Key levels: The previous briefing's $73-$75 WTI target range has been achieved. Resistance now sits at $76.50-$77.50 on WTI, the zone that aligns with Brent approaching $80. A hold above $75.00 on a London morning close would confirm the new support base and open the path toward $78-$79. Support is now $73.00-$73.50, representing the overnight consolidation base. A break back below $72.00 would only occur on a genuine and credible de-escalation development - not on profit-taking alone.
US crude oil inventories saw a surprise increase of 3.0 million barrels during the week ending July. That inventory build is mildly bearish at the margin and would normally cap an oil rally, but in a session driven by Hormuz supply risk it is secondary noise rather than a directional signal.
XAU/USD GOLD
Gold is trading in a complex position this morning. Prices fell slightly on Thursday, remaining under pressure from a stronger dollar as renewed US-Iran tensions continued. World gold prices edged up slightly after hitting their lowest level in nearly a week. The current XAU/USD rate is in the $4,045-$4,070 area, having closed Wednesday near $4,050 after touching $4,030 intraday - the lowest level since July 2.

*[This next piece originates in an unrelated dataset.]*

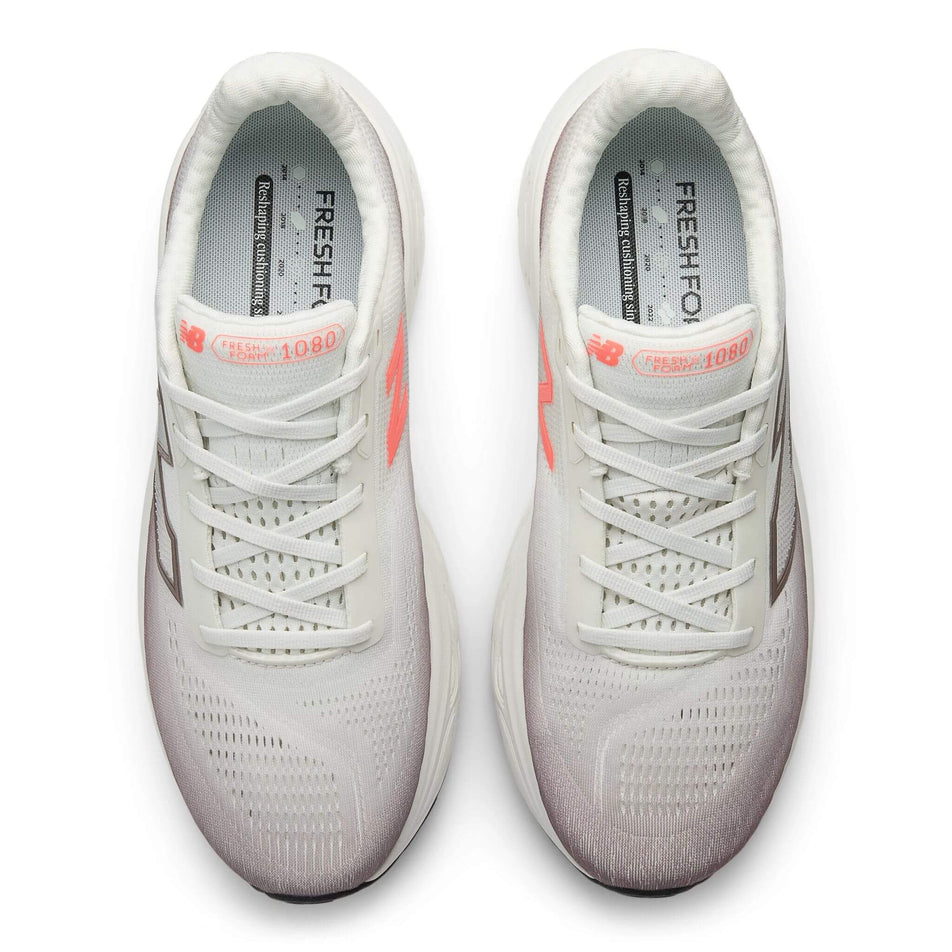 The uppers of a pair of New Balance Men's Fresh Foam X 1080 V14 Running Shoes in the Earth Shadow colourway. (8677161369762)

Gold's failure to rally on the second night of US airstrikes is the most analytically significant development in this instrument today. Two consecutive nights of strikes on Iranian military infrastructure, air raid sirens in Bahrain, and a declared naval blockade should, by any historical precedent, be driving gold materially higher. Instead, it is essentially flat to slightly negative. The explanation is the same dollar-rate mechanism that drove yesterday's divergence: markets are now pricing in at least one Federal Reserve interest rate hike by the end of 2026. The inflationary read-through of higher oil is suppressing gold through the rate-expectations channel even as the geopolitical channel argues for safe-haven demand.

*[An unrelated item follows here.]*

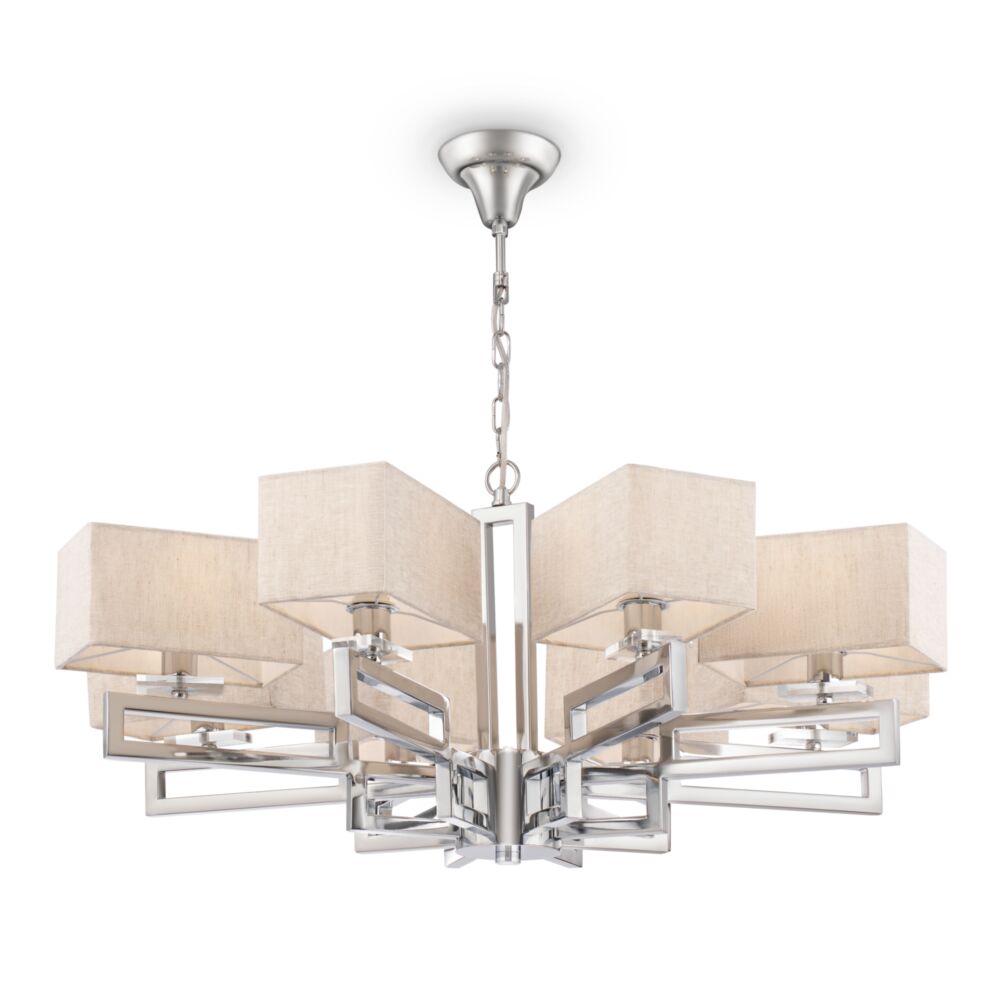 MOD906-08-N. Maytoni. Люстра  8*E14  40W 220V. Хром, Бежевый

The USDCHF-XAUUSD correlation of -0.64 from the June 23 CFTC report is the key structural lens. With USD/CHF holding near 0.8080-0.8090, the correlation continues to track correctly - dollar strength suppressing gold. For gold to break higher in a sustained way, either the dollar needs to soften meaningfully or the safe-haven bid needs to overwhelm the rate-expectations headwind. The second night of strikes has not achieved that.
China's central bank reported its largest monthly increase in gold reserves in over two and a half years in June. Uzbekistan also bought an additional 9 tonnes in June 2026, and experts predict central bank demand is likely to continue increasing in the second half of the year - seen as an important support keeping gold prices around $4,000 per ounce despite short-term correction pressure. That structural central bank bid provides a floor, but it does not generate momentum buying in the current session.
Directional bias: Neutral to cautiously bearish for the early London session. The path of least resistance is sideways with a downward tilt until either the dollar softens or a genuine geopolitical escalation triggers the safe-haven bid the market has thus far refused to express through gold. US CPI on July 14 is the next hard catalyst.
Key levels: Support at $4,030-$4,050, the zone that has held through Wednesday's intraday lows. A clean break and hold below $4,030 would accelerate selling toward $4,000, a psychologically significant level that Saxo's Ole Hansen has noted as a key support. Resistance at $4,100-$4,120. A recovery above $4,100 on a London close basis would indicate the safe-haven bid is finally reasserting against the rate-expectations headwind.
XAG/USD SILVER
The current XAG/USD rate is approximately $60.81, with today's range from $59.59 to $61.03, and an opening price of $59.97. Silver has recovered modestly from yesterday's session lows, but the recovery is tentative and structurally fragile.
The XAGUSD-NAS100 positive correlation that has governed silver's direction is now working in silver's favour from the overnight tech recovery, even as the inflationary oil spike argues against it through the rate-expectations channel. These competing forces - a rebounding Kospi and stabilising chip stocks pulling silver up, a 66% September rate-hike probability pulling silver down - are creating the choppy, directionally uncertain price action evident in today's narrow range.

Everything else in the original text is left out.